Where does the word "Shelf" appear in the data? Copy every line that holds it.
-------
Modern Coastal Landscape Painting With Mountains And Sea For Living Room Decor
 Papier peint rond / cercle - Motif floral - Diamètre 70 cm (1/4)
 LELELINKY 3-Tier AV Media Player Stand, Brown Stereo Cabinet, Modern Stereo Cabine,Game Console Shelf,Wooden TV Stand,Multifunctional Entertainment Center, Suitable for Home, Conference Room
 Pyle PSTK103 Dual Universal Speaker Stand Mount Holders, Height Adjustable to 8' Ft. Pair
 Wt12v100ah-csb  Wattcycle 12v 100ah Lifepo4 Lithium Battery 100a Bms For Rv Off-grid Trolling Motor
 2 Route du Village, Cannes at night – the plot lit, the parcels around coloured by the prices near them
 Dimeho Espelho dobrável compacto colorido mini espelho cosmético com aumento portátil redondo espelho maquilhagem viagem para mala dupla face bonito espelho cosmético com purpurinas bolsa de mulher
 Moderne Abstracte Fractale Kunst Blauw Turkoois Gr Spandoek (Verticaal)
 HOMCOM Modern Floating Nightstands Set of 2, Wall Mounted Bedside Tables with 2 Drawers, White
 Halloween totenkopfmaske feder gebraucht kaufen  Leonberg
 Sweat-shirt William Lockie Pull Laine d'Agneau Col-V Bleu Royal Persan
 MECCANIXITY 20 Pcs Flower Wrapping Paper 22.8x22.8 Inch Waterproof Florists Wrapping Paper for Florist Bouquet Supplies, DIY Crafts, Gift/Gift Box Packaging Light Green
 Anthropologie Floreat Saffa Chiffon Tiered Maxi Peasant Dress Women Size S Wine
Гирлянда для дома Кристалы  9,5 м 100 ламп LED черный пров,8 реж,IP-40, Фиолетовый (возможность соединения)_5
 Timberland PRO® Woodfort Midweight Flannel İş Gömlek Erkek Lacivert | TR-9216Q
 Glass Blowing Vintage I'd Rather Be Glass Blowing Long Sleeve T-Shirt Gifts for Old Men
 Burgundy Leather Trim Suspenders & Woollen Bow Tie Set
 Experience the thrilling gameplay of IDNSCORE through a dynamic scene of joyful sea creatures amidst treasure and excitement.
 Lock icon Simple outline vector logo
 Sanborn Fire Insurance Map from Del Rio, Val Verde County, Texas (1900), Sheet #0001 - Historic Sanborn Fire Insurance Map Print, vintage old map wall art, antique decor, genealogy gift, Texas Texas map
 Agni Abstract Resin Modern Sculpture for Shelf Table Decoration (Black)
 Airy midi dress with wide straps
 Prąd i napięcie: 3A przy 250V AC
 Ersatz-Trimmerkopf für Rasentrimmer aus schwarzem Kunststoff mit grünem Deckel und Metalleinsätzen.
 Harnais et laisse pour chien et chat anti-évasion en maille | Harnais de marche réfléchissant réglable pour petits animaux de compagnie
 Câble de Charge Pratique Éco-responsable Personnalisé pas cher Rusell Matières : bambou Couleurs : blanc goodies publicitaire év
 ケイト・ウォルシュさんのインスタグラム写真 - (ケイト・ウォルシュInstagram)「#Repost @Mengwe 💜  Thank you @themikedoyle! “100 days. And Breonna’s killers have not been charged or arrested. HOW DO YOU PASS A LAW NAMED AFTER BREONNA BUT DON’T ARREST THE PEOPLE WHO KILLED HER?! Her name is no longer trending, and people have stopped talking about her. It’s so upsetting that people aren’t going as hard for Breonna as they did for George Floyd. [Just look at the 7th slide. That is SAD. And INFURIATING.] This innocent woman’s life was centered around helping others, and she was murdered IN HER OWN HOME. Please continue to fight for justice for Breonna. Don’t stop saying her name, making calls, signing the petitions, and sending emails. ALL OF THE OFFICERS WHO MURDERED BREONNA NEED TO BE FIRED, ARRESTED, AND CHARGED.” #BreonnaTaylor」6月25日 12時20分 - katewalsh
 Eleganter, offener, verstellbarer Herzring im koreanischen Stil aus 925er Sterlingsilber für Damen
-------
ANSWER AREA:
 LELELINKY 3-Tier AV Media Player Stand, Brown Stereo Cabinet, Modern Stereo Cabine,Game Console Shelf,Wooden TV Stand,Multifunctional Entertainment Center, Suitable for Home, Conference Room
 Agni Abstract Resin Modern Sculpture for Shelf Table Decoration (Black)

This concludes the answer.